A unique characteristic of the burnt offering is that the entire animal was offered on the bronze altar as a sweet smelling aroma to God, with the fragrant smoke ascending to symbolically represent peace or reconciliation between God and the person who brought the offering. In the same way, “Christ loved us and gave himself up for us, [as] a fragrant offering and sacrifice to God.” (Ephesians 5:2).

The Grain Offering (Leviticus 2, 6:14-23)

The grain offering was a free will offering that was not required as atonement for sin, but often followed the burnt offering and was voluntarily given to worship God and acknowledge his provision. If the grain offering was a loaf of bread, it could not contain yeast or other leavening agents. In the New Testament, leaven is associated with sin, hypocrisy, and pride. The Apostle Paul exhorts the Corinthian church to stop boasting and to not be filled with “the leaven of malice and evil, but with the unleavened bread of sincerity and truth.” (1 Corinthians 5:8). The humble nature of unleavened bread is symbolically fulfilled in Christ, who “did not count equality with God a thing to be grasped, but emptied himself, by taking the form of a servant, being born in the likeness of men. And being found in human form, he humbled himself by becoming obedient to the point of death, even death on a cross.” (Philippians 2:6-8).

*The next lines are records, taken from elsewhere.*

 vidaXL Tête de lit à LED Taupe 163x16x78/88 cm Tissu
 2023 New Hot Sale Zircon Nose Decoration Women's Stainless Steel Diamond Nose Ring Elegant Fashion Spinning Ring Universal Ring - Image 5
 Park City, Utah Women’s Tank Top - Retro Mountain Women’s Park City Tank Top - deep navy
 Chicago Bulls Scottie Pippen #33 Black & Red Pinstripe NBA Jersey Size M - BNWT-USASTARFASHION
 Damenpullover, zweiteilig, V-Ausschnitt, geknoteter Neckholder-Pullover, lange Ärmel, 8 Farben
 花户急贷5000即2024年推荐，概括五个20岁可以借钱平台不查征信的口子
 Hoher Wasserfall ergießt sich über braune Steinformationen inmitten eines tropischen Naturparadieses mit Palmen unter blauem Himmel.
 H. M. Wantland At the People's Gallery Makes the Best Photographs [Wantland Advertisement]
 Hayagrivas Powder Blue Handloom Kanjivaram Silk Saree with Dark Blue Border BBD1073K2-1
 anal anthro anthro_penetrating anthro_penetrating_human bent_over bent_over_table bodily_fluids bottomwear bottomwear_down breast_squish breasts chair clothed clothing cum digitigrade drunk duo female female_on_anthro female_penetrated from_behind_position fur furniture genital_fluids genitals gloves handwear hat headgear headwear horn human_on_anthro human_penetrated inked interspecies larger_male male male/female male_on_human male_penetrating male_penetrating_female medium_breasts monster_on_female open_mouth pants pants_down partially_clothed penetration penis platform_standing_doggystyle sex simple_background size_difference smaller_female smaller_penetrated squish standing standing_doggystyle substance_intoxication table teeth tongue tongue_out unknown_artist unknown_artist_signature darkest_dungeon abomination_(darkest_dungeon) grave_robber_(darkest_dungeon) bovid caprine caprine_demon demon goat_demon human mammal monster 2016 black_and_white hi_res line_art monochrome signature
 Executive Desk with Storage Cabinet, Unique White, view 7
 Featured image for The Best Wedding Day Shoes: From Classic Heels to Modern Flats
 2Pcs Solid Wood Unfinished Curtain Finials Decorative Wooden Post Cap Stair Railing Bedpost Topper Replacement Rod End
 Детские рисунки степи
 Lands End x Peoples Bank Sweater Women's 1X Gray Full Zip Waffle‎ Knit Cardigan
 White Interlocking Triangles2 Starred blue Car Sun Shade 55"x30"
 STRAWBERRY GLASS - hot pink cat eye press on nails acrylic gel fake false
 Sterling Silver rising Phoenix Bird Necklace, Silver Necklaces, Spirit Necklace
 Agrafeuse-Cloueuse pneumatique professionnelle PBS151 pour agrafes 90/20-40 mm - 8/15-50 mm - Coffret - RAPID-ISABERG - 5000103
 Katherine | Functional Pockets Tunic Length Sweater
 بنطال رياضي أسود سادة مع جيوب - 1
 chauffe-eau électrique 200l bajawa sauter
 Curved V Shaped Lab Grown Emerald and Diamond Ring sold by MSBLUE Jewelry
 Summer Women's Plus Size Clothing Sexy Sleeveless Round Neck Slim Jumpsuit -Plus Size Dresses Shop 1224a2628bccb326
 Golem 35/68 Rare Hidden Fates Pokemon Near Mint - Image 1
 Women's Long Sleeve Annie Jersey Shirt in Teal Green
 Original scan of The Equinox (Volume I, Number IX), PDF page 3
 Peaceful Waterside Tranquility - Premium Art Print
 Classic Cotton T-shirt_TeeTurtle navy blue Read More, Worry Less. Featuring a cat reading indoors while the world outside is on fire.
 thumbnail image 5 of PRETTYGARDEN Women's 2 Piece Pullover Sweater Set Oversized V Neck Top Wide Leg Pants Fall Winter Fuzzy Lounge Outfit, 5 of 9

An offering of fine flour or crushed grain was to be anointed with oil and frankincense (Leviticus 2:1, 15). Likewise, shortly before his death, a woman pour nard over Jesus’ head, anointing him with aromatic oil. Although some questioned the waste of such an expensive perfume, Jesus defended her actions and said, “She has done what she could; she has anointed my body beforehand for burial.” (Mark 14:8). Additionally, Jesus famously received a gift of frankincense from the wise men that visited sometime after his birth (Matthew 2:11).

Some might anticipate a connection to Jesus’ declaration that “I am the bread of life” (John 6:35), however, in context it is clear that the real connection in this passage is to the manna that God sent down from heaven to sustain the Israelites as they wandered in the wilderness. Similarly, while Jesus instituted the Last Supper, “he took bread, and when he had given thanks, he broke it and gave it to them, saying, ‘This is my body, which is given for you. Do this in remembrance of me.’” (Luke 22:19). While this could connect to the grain offering, the context more clearly links it to the symbolism of Passover. That fact that both these allusions to Jesus’ body as bread more strongly tie back to two other separate events in the Old Testament only strengthens my claim that Jesus can be found all over the Hebrew scriptures. 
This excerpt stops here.